III.               Analyse

[6]               Mme Sabiiti a soulevé un certain nombre de questions dans sa demande de contrôle judiciaire, mais ma décision porte sur l’appréciation de la preuve effectuée par la SPR et qui a poussé cette dernière à tirer ses principales conclusions en matière de crédibilité. Il est bien établi que les conclusions fondées sur l’appréciation de la preuve et l’examen de la crédibilité sont contrôlées suivant la norme de la raisonnabilité (voir Canada (Citoyenneté et Immigration) c Khosa, 2009 CSC 12, [2009] 1 RCS 339, au paragraphe 46; Dunsmuir c Nouveau-Brunswick, 2008 CSC 9, [2008] 1 RCS 190, au paragraphe 47; Jin c Canada (Citoyenneté et Immigration), 2012 CF 595, au paragraphe 4; Mukamuganga c Canada (Citoyenneté et Immigration), 2013 CF 566, au paragraphe 35; Pepaj c Canada (Citoyenneté et Immigration), 2014 CF 938, au paragraphe 13).

[7]               Je note au départ que je souscris à l’affirmation de Mme Sabiiti selon laquelle la décision finale de la SPR a été fortement influencée par ses conclusions selon lesquelles elle n’était pas un témoin crédible et que son témoignage n’était pas fiable. La preuve soumise à la SPR comprenait des documents provenant apparemment de la police ougandaise, des autorités municipales, d’hôpitaux ougandais, d’un foyer de Toronto, de membres de la famille et d’un voisin, ce qui, d’après Mme Sabiiti, corroborait ses allégations de menaces et de violence conjugale. La SPR a examiné ces éléments de preuve, mais ne leur a accordé aucune force probante, en partie parce qu’ils ne dissipaient pas les préoccupations en matière de crédibilité que soulevait le propre témoignage de Mme Sabiiti. Ces préoccupations en matière de crédibilité constituent donc un aspect essentiel de la décision finale de la SPR.

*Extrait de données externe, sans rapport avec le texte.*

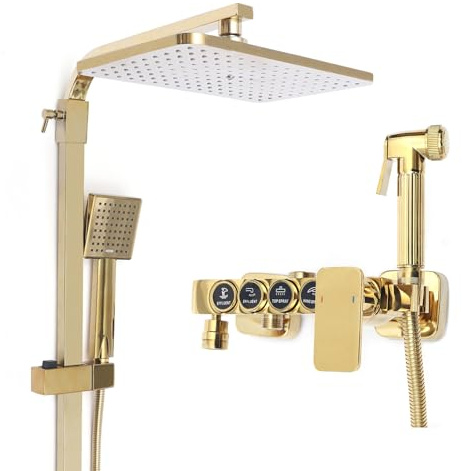 Duschset mit Armaturen, Duscharmatur Komplettset mit 22 cm * 22 cm Quadratische Regendusche,Handbrause und Booster-Spritzpistole,4 Strahlarten,Höhenverstellbare,Gold Regendusche Duschsystem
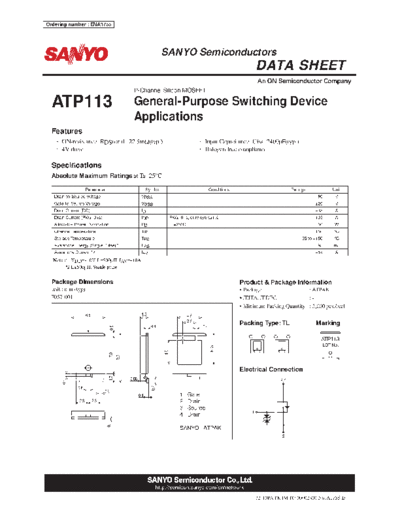 Sanyo atp113  . Electronic Components Datasheets Active components Transistors Sanyo atp113.pdf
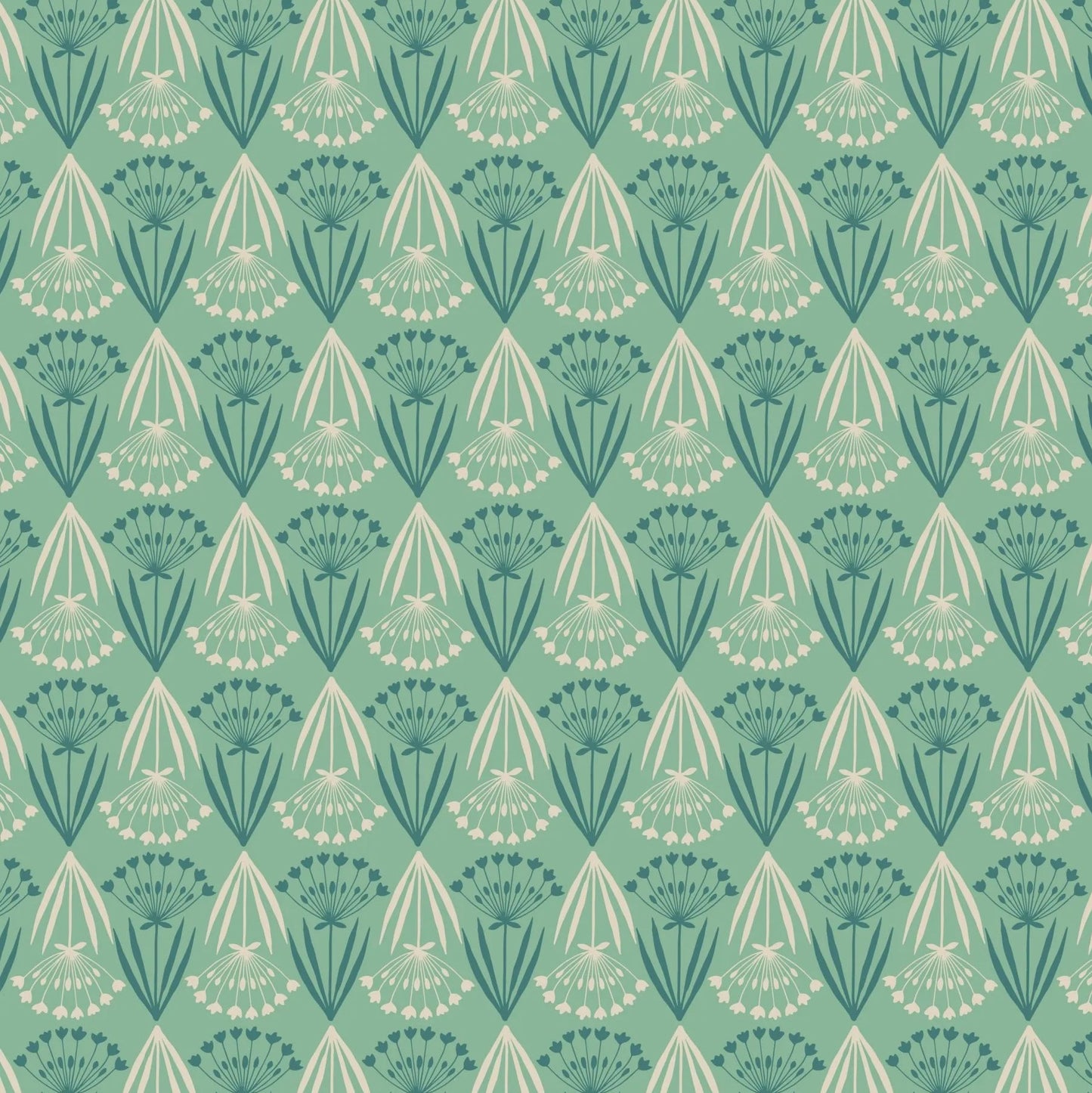 Majolica Floral Stems Green Fat Quarter (Lewis & Irene)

[8]               Il ressort clairement de la décision et du compte rendu de l’interrogatoire de Mme Sabiiti, que la SPR a effectué à l’audience, qu’une grande importance a été accordée à la preuve touchant son certificat de mariage. La preuve documentaire comprenait deux copies d’un document portant le titre « Marriage Certificate » (certificat de mariage) sous l’intitulé « St.Francis Chapel Makerere University » (Chapelle St.Francis, Université Makerere), qui attestait, selon Mme Sabiiti, son mariage avec M. Kwihangana célébré le 15 novembre 2008. Une de ces copies portait le tampon du Registraire adjoint des mariages daté du 15 septembre 2015, établissant que le document était une copie certifiée conforme.

[9]               La SPR a conclu qu’aucune des copies du certificat de mariage n’était un document fiable ou digne de foi et qu’il n’existait donc aucune preuve fiable et digne de foi émanant de sources gouvernementales appropriées établissant que Mme Sabiiti ait été mariée. La SPR a donc conclu que la crédibilité de Mme Sabiiti était compromise et que cette dernière n’était pas un témoin crédible.

[10]           La conclusion selon laquelle les copies du certificat de mariage n’étaient pas fiables était fondée sur l’examen de la preuve documentaire qu’a effectué la SPR concernant la délivrance des certificats de mariage en Ouganda. La SPR a noté que cette preuve indiquait que les documents de mariage sont délivrés par le gouvernement ougandais et qu’aucune autre preuve n’établissait que les certificats officiels de mariage ou les copies certifiées des certificats de mariage sont délivrés par les églises en Ouganda. La SPR a également fait remarquer que Mme Sabiiti avait déclaré que la copie certifiée de son certificat de mariage avait été délivrée par l’église où elle s’est mariée.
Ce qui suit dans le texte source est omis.